拍品专文
Au XVIIIeme siècle, il était d’usage pour les papes d’offrir aux monarques et visiteurs de marque qui se rendaient à Rome, des tapisseries ou des tableaux de mosaïque. Les tapisseries étaient confectionnées dans la manufacture pontificale, tandis que les mosaïques étaient l’œuvre des artisans du fameux Studio del Mosaico du Vatican, bien qu’elles aient parfois pu être commandées à des ateliers privés de la ville. Ces mosaïques attinrent un niveau de perfection jusqu’alors inégalé, et étaient inscrites dans de riches cadres de métal (bronze, cuivre ou laiton) doré. La qualité de ces cadres connaît son apogée sous le règne de Pie VI (1775-1799), quand Luigi Valadier (1726-1785) – qui réalisait rarement ce genre d’objet – et Paolo Spagna (1736-1788) travaillaient pour la cour pontificale.
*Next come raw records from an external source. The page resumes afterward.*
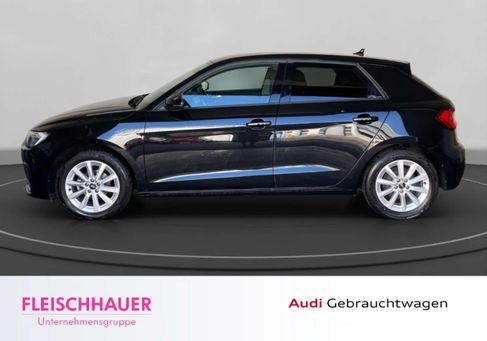 Audi A1, 2022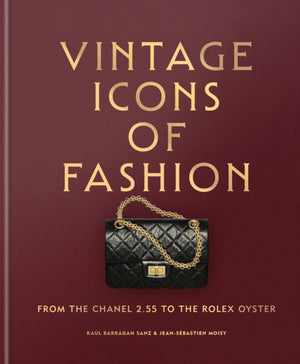 Vintage Icons of Fashion, From the Chanel 2.55 to the Rolex Oyster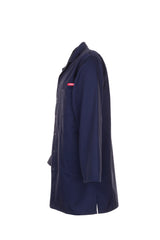 PLANAM MG 260 Berufsmantel hydronblau
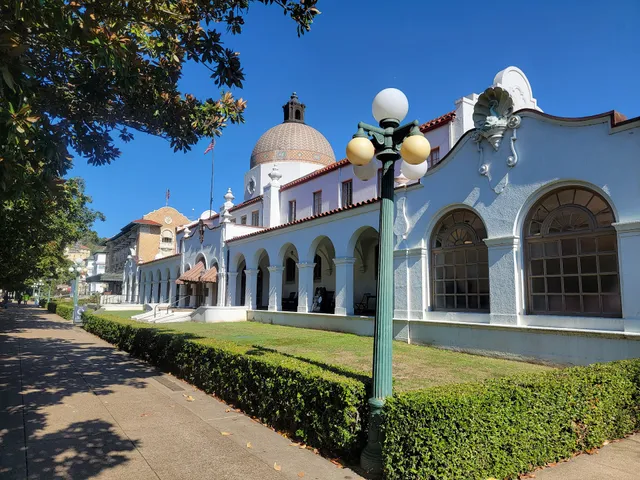 Quapaw Baths & Spa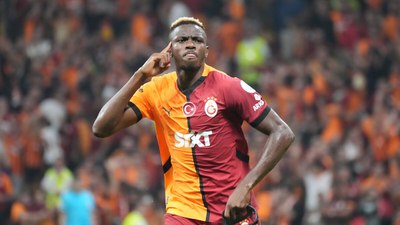 Victor Osimhen için Juventus açıklaması: Ocak ayında göreceğiz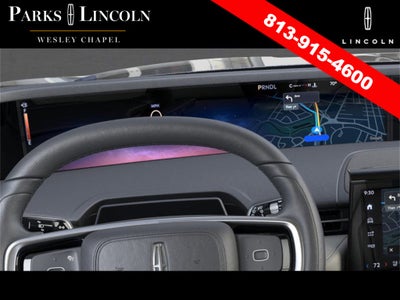 2026 Lincoln Nautilus Reserve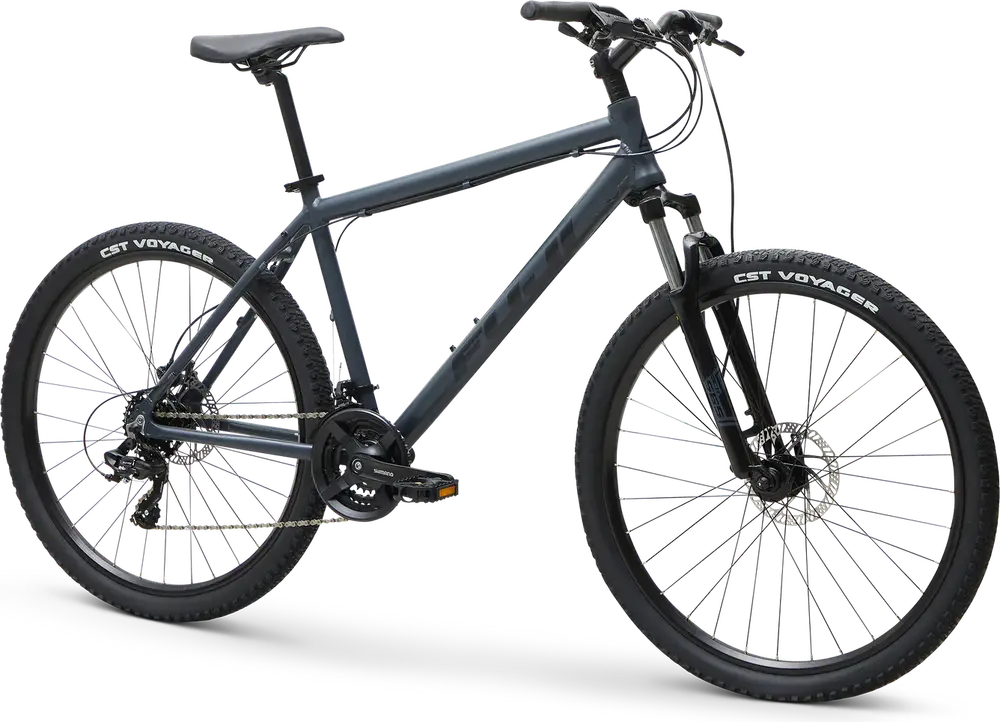 FUJI Adventure 27,5" Mountainbike Größe 17 - Dunkelblau Mit 7-Gang Schaltung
Paolo Spagna est à l’origine d’une dynastie d’orfèvres dont les héritiers furent actifs à Rome tout au long du XIXeme siècle. Spagna obtint la charge d’orfèvre en 1772, période à laquelle il vivait et exerçait son art via del Pellegrino. Il reçut des commandes de la cour pontificale dès 1776 et ce jusqu’à sa mort. (1) Ces commandes avaient souvent pour objet la réalisation de cadres comme celui qui orne notre mosaïque, et pour lequel une documentation a été découverte dans les Archives Secrètes du Vatican.
LA MOSAIQUE
En février 1777, Giovanni Battista Ponfreni, directeur du Studio del Mosaico du Vatican, commande à Filippo Carlini une transcription en mosaïque d’un tableau représentant sainte Marie-Madeleine par Guido Reni (Document 1). En effet, notre panneau est l’adaptation d’une œuvre de Reni alors conservée à la galerie Colonna, aujourd’hui disparue. (2) Une copie de l’œuvre avait alors été peinte pour servir de modèle à Carlini (Document 4).
Ponfreni déclare, dans sa lettre de décembre 1777, que la réalisation de l’œuvre progresse convenablement (Document 1), et que Carlini a reçu en paiement un tiers du prix convenu. Un second paiement fut effectué en mai 1778 quand Ponfreni assura que Carlini avait réalisé les deux tiers du panneau (Document 2). La mosaïque fut achevée avant la fin de l’année, pour un coût total de 340 scudi, et fut remise à la Floreria apostolique, au Vatican, dans l’attente de sa remise comme cadeau (Document 3).
Elève de Marco Benefial (1684-1764), Giovanni Battista Ponfreni est né à Rome vers 1715, où il meurt en 1795. Filipo Carlini semble avoir été actif au sein du Studio del Mosaico vers le milieu du XVIIIème siècle ; cependant notre panneau est sa seule œuvre connue à ce jour. (3)
LE CADRE
Le 5 avril 1780, Paolo Spagna présente à la Maison Pontificale une facture pour deux cadres de métal doré identiques pour les mosaïques, dans le but de les offrir à l’archiduc et l’archiduchesse de Milan. L’un, plus grand, était destiné à encadrer une Vierge de Douleur, l’autre notre Marie Madeleine (Document 5). La facture, que nous reproduisons ci-dessous, décrit précisément chaque détail de notre cadre, et notamment les deux Renommées qui entourent les armes, et que Spagna dit avoir modelé dans la cire.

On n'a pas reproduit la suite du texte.